### [Exercise instructions]
Sift the listing for lines that hold the string "Penguins" and pull them out.
Input for this task: Begin
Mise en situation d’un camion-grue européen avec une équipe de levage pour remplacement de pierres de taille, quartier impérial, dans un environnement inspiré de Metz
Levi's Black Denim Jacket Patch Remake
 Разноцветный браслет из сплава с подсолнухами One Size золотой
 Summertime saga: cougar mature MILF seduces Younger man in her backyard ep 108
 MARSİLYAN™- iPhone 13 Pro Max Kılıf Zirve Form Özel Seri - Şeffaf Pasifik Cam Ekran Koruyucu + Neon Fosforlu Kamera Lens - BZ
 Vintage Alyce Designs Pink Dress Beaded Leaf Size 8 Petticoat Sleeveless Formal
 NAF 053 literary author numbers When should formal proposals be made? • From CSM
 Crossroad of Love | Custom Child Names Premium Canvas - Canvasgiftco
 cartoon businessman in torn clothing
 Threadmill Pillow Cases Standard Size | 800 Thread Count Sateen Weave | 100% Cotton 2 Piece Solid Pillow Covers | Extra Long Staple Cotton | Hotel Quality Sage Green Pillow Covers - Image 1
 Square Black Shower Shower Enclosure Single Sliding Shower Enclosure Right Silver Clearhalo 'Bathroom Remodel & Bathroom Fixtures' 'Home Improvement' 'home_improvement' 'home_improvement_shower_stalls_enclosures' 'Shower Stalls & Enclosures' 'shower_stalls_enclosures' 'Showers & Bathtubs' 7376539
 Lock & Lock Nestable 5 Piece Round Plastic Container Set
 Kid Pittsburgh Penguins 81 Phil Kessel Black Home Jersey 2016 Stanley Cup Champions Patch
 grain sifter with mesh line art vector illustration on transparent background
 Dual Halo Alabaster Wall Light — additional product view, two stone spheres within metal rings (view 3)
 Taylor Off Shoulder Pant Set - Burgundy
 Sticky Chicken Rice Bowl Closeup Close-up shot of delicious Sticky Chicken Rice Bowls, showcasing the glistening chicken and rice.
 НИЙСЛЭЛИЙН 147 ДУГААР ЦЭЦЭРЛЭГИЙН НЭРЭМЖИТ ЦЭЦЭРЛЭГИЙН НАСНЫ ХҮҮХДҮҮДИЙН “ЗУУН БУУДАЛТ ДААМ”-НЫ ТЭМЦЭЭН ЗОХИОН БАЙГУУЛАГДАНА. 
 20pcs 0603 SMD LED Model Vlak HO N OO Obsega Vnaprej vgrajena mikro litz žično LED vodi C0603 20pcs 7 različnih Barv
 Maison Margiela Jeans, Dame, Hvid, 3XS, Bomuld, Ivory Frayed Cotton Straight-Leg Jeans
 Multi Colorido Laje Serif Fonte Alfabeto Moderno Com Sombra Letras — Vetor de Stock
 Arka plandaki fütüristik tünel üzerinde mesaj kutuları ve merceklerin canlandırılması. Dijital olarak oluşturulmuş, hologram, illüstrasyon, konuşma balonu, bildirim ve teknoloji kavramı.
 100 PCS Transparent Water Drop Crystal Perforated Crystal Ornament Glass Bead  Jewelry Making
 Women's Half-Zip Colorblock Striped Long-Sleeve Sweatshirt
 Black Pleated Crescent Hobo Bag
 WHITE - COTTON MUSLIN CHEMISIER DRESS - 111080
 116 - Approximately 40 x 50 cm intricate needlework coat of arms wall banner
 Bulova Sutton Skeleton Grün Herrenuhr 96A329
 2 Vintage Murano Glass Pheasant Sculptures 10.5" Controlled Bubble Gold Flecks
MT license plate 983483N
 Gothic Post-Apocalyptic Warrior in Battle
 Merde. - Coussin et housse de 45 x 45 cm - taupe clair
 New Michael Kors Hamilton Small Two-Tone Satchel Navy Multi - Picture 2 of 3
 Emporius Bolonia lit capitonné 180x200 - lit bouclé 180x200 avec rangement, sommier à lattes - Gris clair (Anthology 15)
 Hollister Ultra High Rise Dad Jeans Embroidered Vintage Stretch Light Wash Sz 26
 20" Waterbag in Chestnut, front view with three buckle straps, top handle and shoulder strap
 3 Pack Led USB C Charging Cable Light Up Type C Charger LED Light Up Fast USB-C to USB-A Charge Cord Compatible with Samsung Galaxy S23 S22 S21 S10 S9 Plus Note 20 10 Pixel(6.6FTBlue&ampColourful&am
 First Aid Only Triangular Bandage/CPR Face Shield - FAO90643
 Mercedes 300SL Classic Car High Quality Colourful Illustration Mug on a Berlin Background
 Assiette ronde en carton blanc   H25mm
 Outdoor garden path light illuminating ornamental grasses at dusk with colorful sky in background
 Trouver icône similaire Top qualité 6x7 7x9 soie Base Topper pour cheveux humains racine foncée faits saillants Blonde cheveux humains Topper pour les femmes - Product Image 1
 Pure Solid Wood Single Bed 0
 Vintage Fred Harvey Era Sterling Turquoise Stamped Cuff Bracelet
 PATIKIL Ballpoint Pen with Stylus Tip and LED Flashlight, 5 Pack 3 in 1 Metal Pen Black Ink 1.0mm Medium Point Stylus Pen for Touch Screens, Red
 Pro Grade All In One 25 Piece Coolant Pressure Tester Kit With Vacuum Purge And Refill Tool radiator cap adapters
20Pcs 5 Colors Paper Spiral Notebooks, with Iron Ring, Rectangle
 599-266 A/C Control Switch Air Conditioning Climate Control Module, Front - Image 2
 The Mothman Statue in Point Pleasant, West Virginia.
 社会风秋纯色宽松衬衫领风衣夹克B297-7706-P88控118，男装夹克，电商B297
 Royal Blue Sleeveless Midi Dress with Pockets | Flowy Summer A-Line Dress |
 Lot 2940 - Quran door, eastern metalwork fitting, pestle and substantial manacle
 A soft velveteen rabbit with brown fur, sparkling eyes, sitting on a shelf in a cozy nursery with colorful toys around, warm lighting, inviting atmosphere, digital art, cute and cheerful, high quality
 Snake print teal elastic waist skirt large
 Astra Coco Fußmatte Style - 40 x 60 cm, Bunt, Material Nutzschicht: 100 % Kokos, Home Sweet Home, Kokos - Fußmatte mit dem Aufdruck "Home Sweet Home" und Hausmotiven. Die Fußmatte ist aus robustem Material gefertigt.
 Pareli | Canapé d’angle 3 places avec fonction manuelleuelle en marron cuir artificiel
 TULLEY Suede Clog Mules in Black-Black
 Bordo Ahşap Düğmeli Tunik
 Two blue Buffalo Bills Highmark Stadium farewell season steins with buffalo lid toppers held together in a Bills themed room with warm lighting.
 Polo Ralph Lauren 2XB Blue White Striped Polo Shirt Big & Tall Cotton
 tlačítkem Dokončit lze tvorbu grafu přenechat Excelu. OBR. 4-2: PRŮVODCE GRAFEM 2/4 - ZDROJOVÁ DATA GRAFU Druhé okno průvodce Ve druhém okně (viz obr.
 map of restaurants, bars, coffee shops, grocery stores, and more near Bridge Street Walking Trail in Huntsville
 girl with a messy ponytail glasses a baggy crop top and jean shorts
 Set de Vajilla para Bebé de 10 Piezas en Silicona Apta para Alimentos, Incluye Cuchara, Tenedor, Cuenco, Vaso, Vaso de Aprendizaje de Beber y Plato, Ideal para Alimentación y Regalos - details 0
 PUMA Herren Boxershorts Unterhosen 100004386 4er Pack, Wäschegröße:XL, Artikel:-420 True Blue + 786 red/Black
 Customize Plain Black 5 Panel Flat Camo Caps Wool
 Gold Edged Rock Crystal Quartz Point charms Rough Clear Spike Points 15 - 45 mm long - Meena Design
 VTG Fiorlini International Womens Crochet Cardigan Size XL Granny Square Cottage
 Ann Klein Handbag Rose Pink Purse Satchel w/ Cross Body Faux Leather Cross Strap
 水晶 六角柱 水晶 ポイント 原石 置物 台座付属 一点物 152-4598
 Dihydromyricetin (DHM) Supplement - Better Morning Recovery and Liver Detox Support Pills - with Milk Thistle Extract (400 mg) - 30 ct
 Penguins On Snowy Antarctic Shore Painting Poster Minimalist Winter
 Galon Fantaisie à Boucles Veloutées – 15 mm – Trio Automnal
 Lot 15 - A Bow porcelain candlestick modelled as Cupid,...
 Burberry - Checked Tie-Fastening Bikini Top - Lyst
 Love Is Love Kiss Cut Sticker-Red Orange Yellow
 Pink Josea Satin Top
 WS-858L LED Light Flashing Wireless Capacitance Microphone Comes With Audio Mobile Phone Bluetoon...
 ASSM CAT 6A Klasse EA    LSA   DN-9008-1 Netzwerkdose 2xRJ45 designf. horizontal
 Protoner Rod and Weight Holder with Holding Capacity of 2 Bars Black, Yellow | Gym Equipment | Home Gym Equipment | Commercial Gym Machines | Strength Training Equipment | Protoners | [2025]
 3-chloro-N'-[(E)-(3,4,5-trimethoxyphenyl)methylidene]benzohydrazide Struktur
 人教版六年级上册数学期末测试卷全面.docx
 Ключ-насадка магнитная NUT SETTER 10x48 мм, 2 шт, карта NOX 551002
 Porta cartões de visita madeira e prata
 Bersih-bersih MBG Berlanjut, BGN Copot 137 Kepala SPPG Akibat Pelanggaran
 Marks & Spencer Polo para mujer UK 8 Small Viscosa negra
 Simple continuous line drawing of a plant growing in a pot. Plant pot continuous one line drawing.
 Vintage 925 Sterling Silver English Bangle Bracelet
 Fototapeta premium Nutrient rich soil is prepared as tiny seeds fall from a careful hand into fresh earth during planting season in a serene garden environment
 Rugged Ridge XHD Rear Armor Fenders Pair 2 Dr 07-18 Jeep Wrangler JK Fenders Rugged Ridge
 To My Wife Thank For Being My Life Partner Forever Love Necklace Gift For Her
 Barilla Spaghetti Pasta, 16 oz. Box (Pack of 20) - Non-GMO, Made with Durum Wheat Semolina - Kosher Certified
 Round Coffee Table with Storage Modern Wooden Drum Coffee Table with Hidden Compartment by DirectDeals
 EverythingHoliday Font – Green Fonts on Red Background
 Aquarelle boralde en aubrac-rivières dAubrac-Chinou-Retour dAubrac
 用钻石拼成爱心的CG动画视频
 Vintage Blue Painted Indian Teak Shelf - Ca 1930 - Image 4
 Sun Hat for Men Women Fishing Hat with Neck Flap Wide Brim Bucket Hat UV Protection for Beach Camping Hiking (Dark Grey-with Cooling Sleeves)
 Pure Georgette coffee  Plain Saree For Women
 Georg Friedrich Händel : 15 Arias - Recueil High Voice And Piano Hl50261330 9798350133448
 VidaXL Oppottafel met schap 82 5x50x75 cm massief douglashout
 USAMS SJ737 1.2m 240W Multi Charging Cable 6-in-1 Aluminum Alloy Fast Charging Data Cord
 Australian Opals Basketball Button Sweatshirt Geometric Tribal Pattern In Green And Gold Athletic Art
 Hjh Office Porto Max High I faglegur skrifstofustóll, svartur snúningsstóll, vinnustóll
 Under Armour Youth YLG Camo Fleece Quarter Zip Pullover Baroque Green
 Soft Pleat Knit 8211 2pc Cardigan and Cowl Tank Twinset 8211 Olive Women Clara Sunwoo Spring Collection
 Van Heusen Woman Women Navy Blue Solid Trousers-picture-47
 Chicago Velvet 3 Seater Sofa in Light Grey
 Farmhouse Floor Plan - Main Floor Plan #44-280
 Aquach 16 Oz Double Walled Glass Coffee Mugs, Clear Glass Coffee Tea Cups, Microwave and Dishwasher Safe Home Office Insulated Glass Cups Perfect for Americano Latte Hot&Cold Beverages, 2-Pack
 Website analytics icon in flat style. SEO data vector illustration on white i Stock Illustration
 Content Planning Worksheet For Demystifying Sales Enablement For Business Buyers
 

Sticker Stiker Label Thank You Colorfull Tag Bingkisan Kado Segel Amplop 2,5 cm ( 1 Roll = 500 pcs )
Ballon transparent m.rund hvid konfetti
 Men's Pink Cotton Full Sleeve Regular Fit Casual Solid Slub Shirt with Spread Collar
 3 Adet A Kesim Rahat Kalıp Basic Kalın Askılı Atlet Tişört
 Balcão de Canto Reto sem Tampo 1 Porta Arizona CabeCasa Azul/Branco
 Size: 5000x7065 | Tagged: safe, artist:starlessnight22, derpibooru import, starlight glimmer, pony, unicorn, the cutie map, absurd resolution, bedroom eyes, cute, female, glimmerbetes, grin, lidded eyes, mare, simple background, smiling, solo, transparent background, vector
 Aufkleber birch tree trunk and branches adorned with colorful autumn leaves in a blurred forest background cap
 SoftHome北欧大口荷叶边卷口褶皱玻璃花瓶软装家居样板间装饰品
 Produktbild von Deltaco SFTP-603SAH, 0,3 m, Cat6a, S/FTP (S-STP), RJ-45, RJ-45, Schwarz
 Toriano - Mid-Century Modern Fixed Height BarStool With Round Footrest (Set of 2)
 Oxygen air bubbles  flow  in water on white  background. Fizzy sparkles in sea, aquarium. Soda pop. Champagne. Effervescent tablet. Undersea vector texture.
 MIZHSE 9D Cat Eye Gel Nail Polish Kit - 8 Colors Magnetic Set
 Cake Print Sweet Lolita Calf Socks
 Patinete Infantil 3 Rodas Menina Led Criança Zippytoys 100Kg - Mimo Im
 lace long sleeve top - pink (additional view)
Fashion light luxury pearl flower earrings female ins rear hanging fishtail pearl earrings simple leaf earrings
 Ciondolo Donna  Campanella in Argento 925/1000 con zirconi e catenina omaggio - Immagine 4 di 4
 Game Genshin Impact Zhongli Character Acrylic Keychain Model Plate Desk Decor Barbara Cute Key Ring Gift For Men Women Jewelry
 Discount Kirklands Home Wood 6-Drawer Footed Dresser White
Input for this task: End
### [Result]
 Kid Pittsburgh Penguins 81 Phil Kessel Black Home Jersey 2016 Stanley Cup Champions Patch
 Penguins On Snowy Antarctic Shore Painting Poster Minimalist Winter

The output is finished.